The number of voices against this proposed Act is growing, and as Slate argues that this is most likely unconstitutional. Article II, Section 1 of the constitution states electors shall be appointed by the states “in such manner as the Legislature thereof may direct.” Taking this to the ballot and having the voters decide on how the state’s electoral votes are decided therefore would be unconstitutional. As Slate comments, the attempt to take this directly to the voters is a sly way to avoid the Democraticly controlled State legislature and confuse them with a well titled Act.
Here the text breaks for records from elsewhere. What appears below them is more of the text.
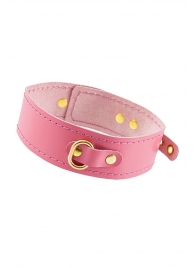 Розовый кожаный однослойный ошейник с прошивкой - Pecado - купить с доставкой в Ярославле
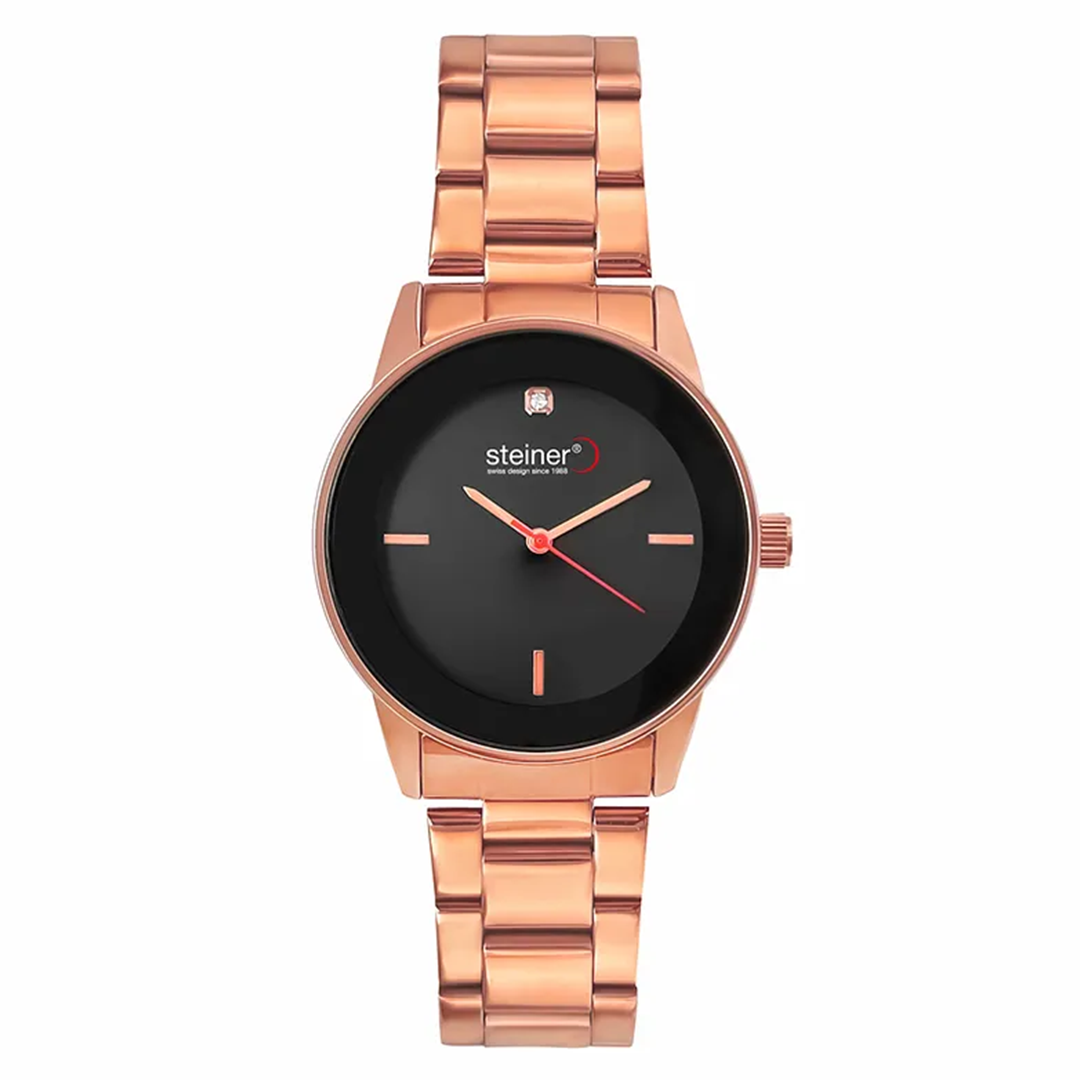 Reloj Ana Dama Negro, Rosa,Ext Ace Inox,3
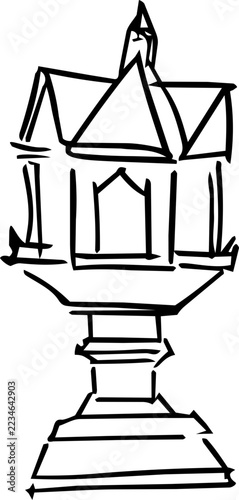Thai Spirit House Shrine Doodle Icon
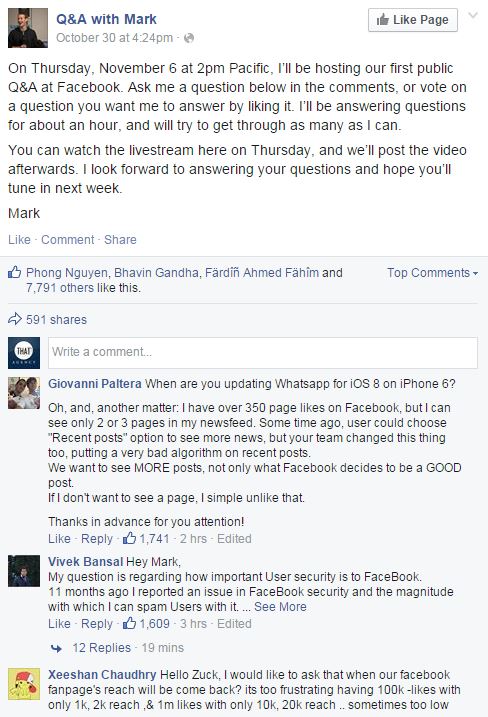 Public question and answer segment with Mark Zuckerburg Q andA with Mark Zuckerberg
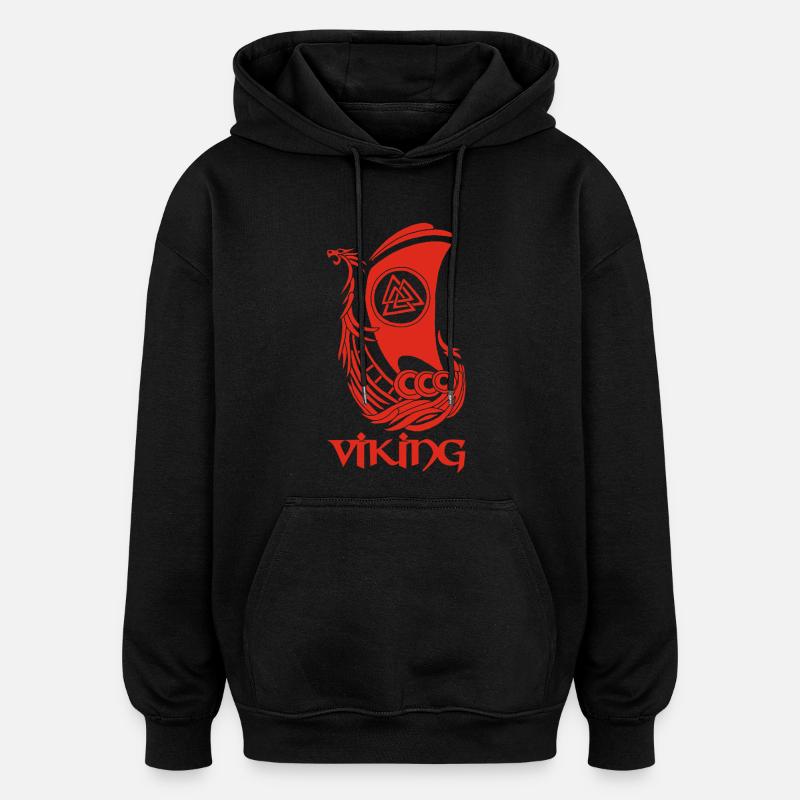 Bateau viking rouge - Sweat à capuche oversize unisexe - noir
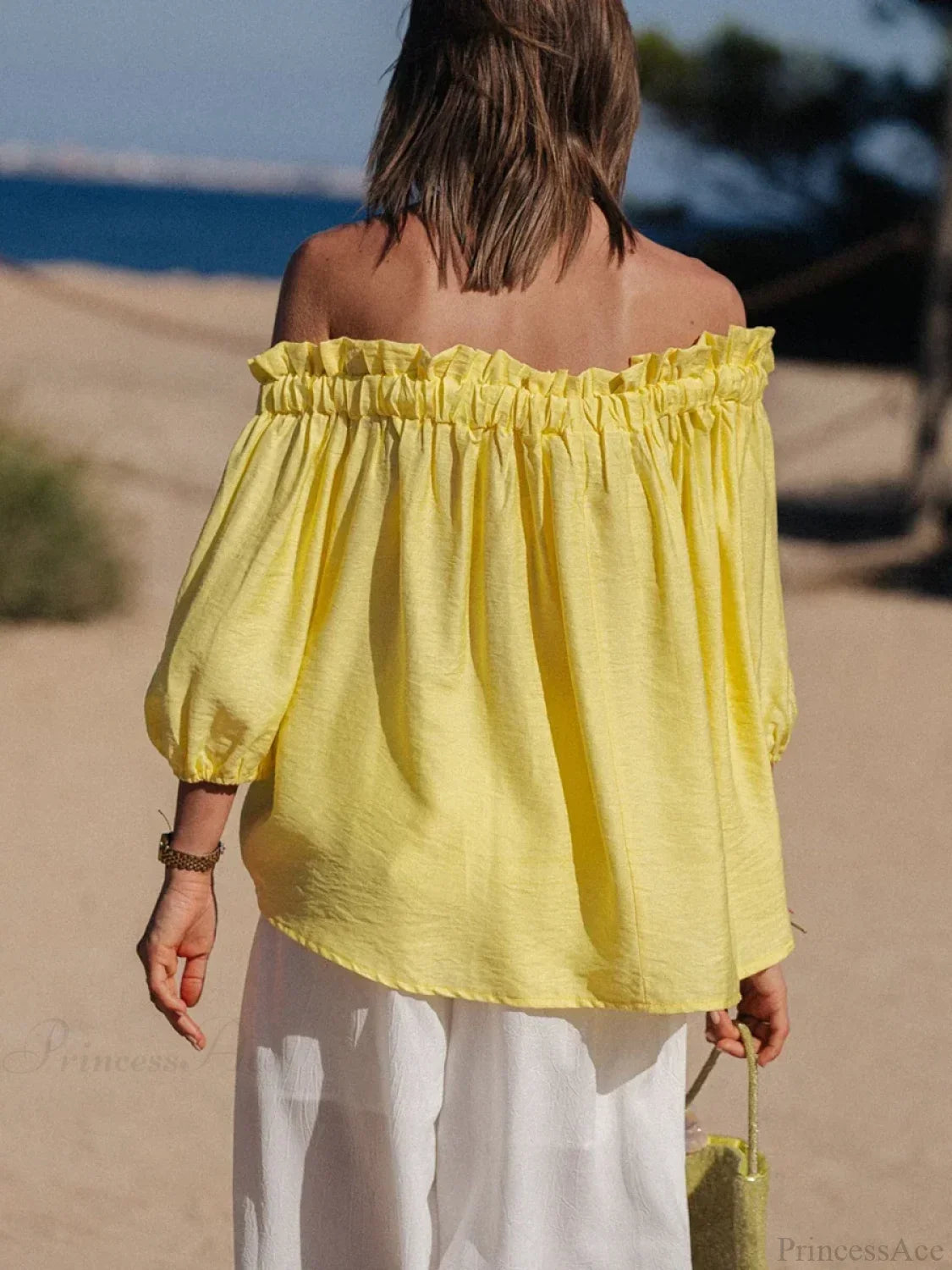 Ruffled Off-Shoulder Solid Fashion Blouse image 2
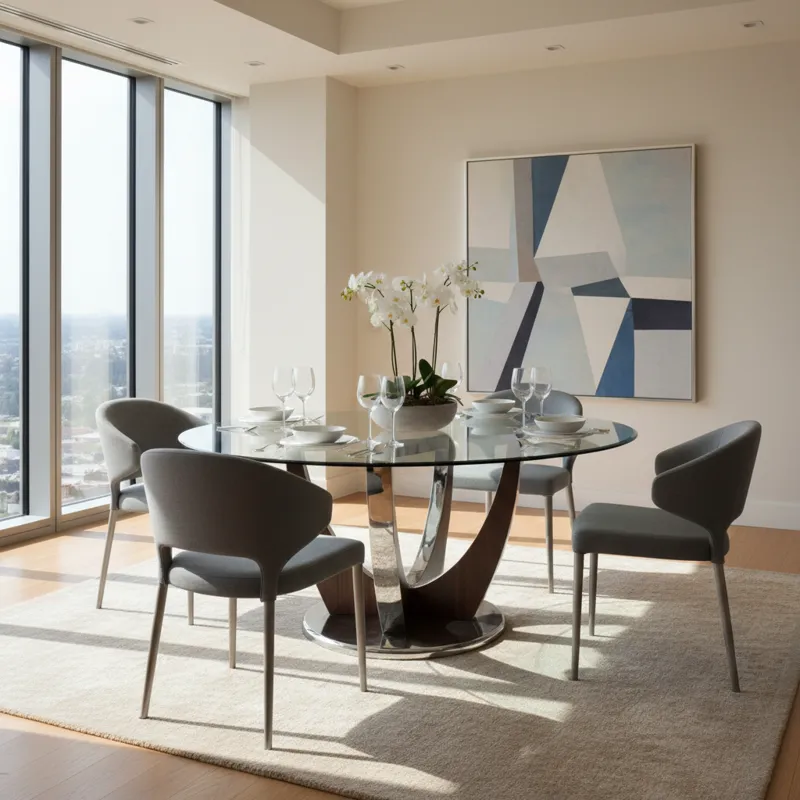 A wide shot of a modern dining room featuring an elegant oval glass dining table, perfectly set for a meal. Sunlight streams through large windows, hi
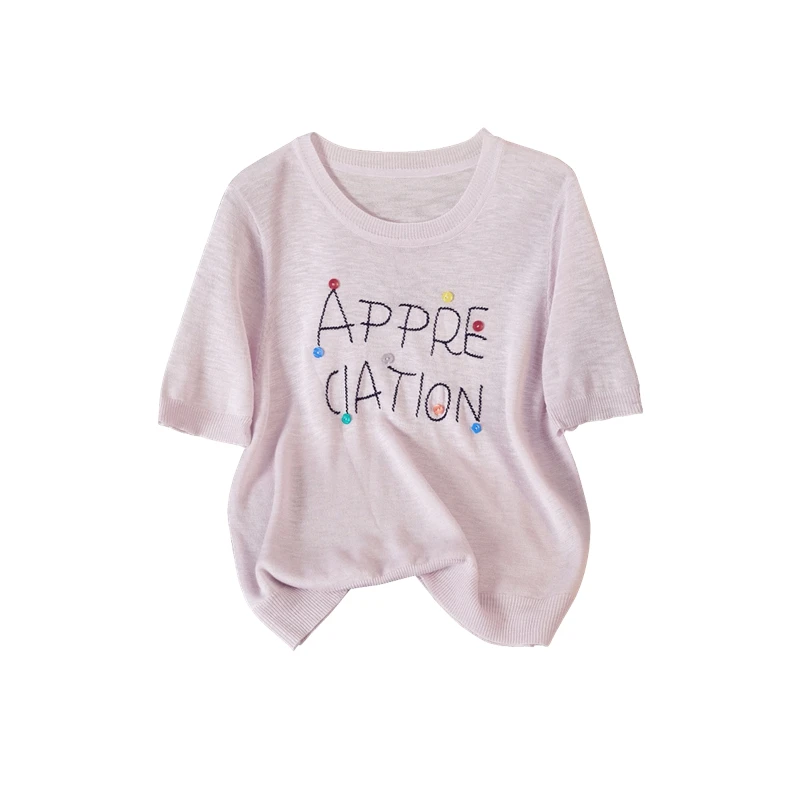 她池2025夏季新款女装甜美减龄撞色纽扣圆领宽松针织衫T52X2181Z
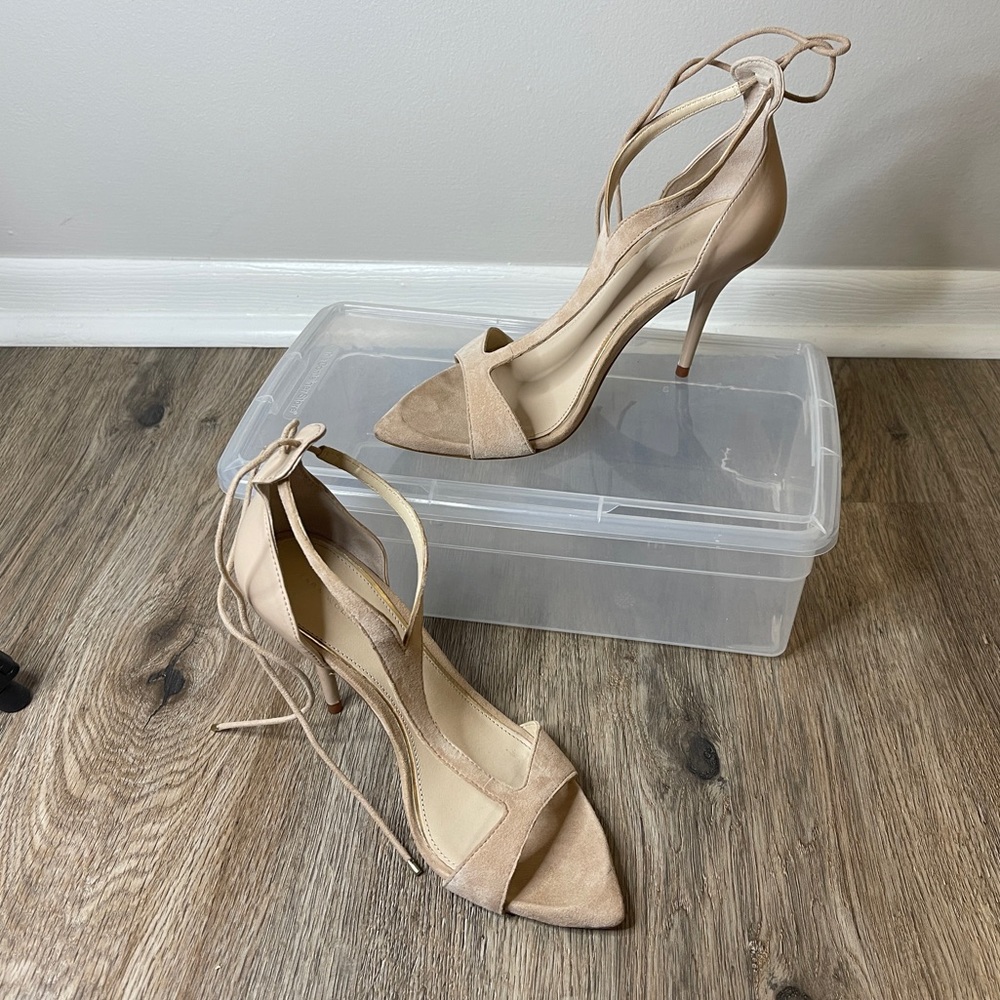Zara, tie around ankle, pointy toe sandal. Size 7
Further (and I’m no voting law expert), this would severely disenfranchise voters in more dense districts (e.g. Los Angeles or the Bay Area) by moving voting power to less populated areas. If the proposed Act argues to give more voter control to the individuals, that’s patently false as it is still a winner-takes-all system, only now at the district level. The popular vote is still left discarded under the Act.

As Mark Leno and others argue, we need electoral reform, and we need it badly. But what we don’t need is disingenuous trickery of the public to meet one party’s ends in the name of reform. The worst part of maneuvering like this is that it will drain resources and time to defeat where the state has pressing issues that require attention instead of this Act.